• [Listed records]:
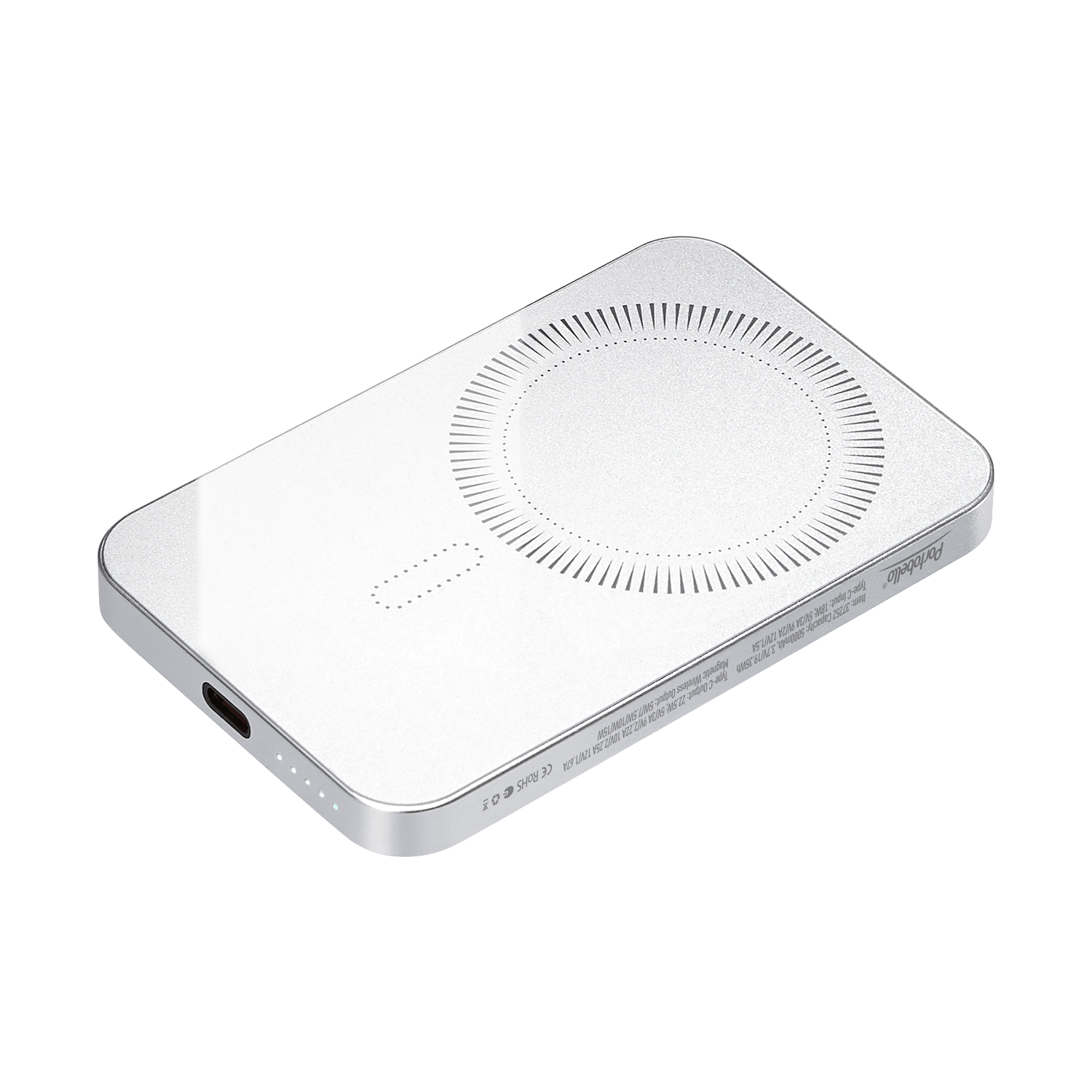 Внешний аккумулятор Artex PD 5000mAh с функцией беспроводной зарядки 15W, серебряный-0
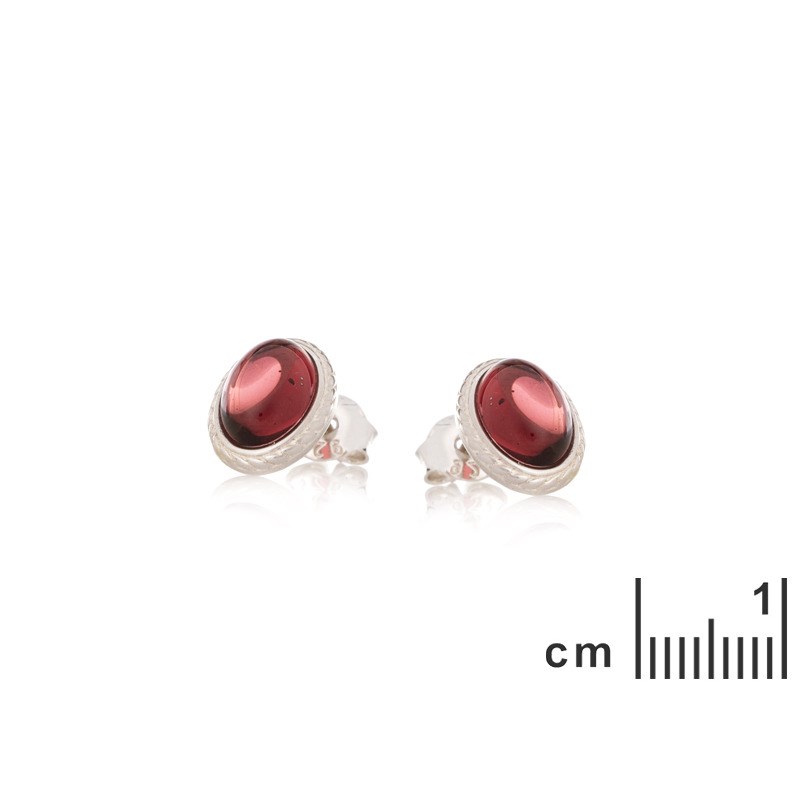 BOUCLE D'OREILLE ARGENT GRENAT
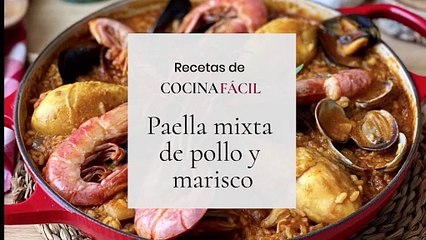 Receta de paella de pollo y marisco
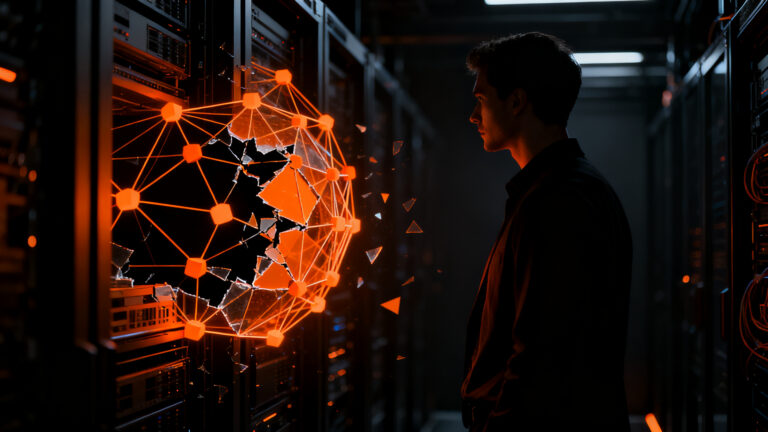 Infraestructura de startup y seguridad digital, concepto de takedown de dominio y moderación de contenido en entornos de red.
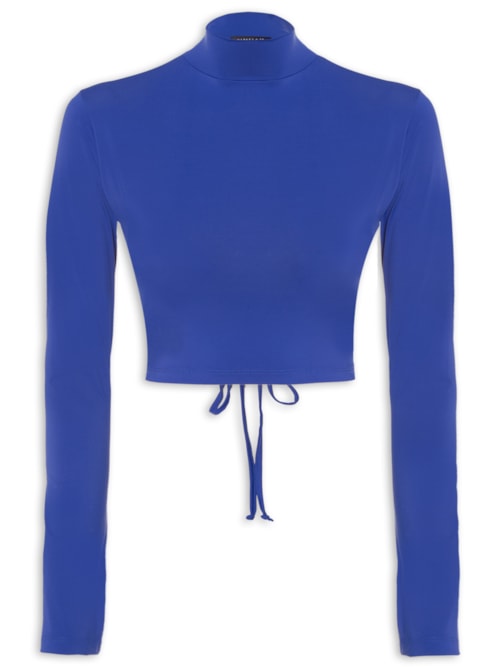 Blusa Cropped Manga Longa Costas Vazada - Azul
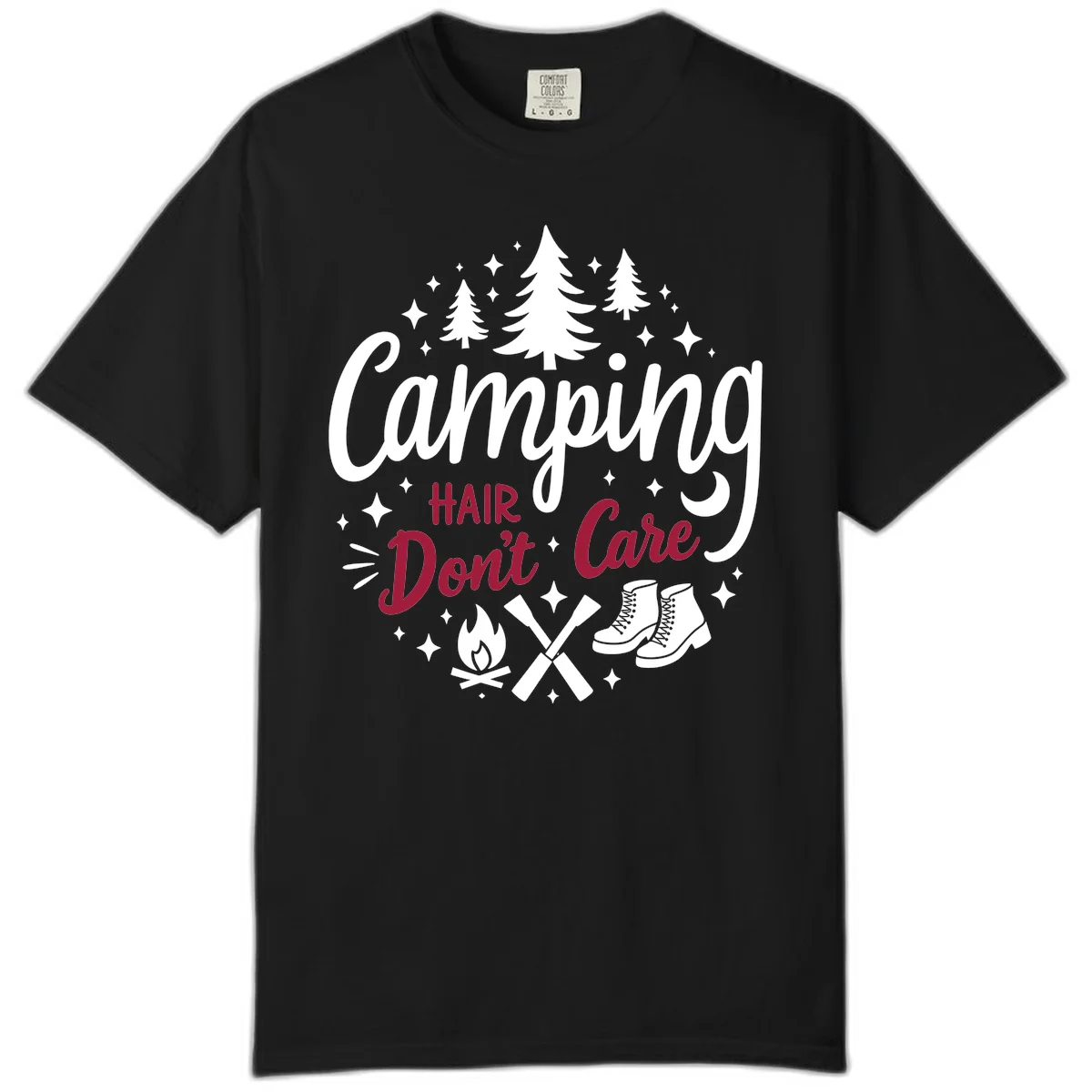 Camping hair don't care design with pine trees, campfire, boots, and script lettering on gray background in Black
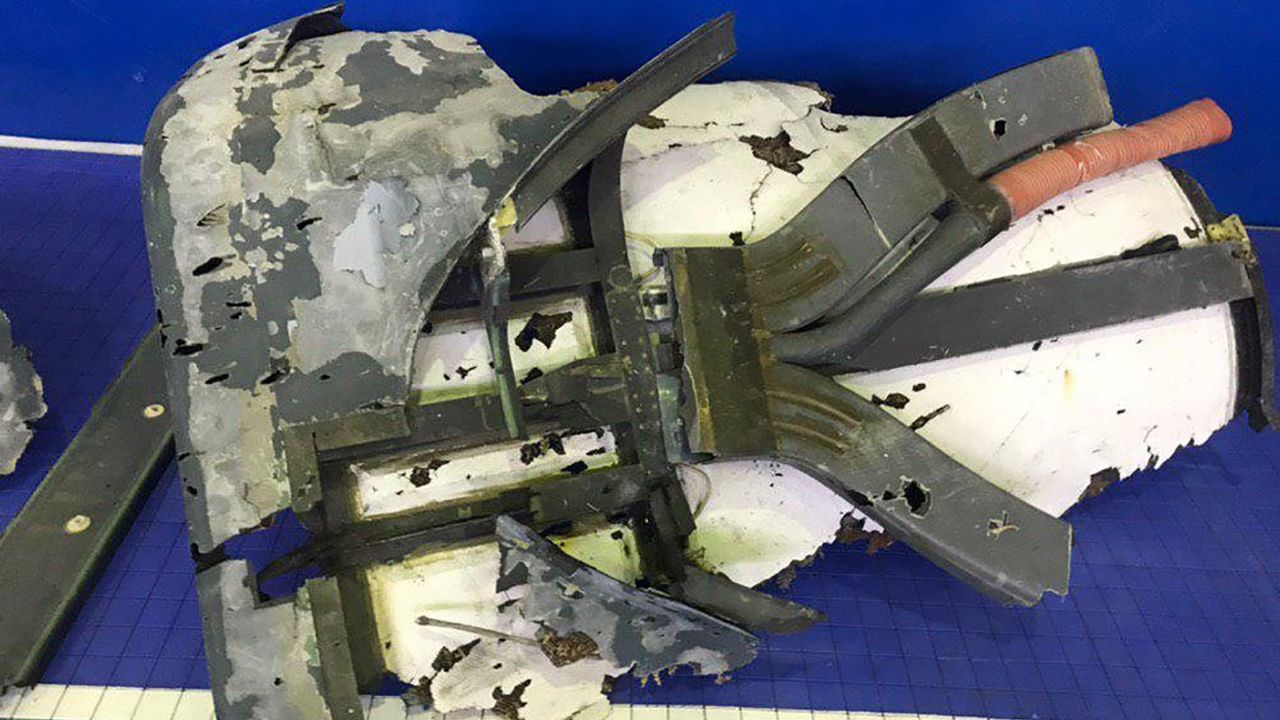 An Iranian media outlet released this image on Friday that purportedly shows pieces of the US drone that was shot down.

• [Task goal]: Quote every record above exactly, leaving out any pictures.

• [Result below]:
 Внешний аккумулятор Artex PD 5000mAh с функцией беспроводной зарядки 15W, серебряный-0
 BOUCLE D'OREILLE ARGENT GRENAT
 Receta de paella de pollo y marisco
 Infraestructura de startup y seguridad digital, concepto de takedown de dominio y moderación de contenido en entornos de red.
 Blusa Cropped Manga Longa Costas Vazada - Azul
 Camping hair don't care design with pine trees, campfire, boots, and script lettering on gray background in Black
 An Iranian media outlet released this image on Friday that purportedly shows pieces of the US drone that was shot down.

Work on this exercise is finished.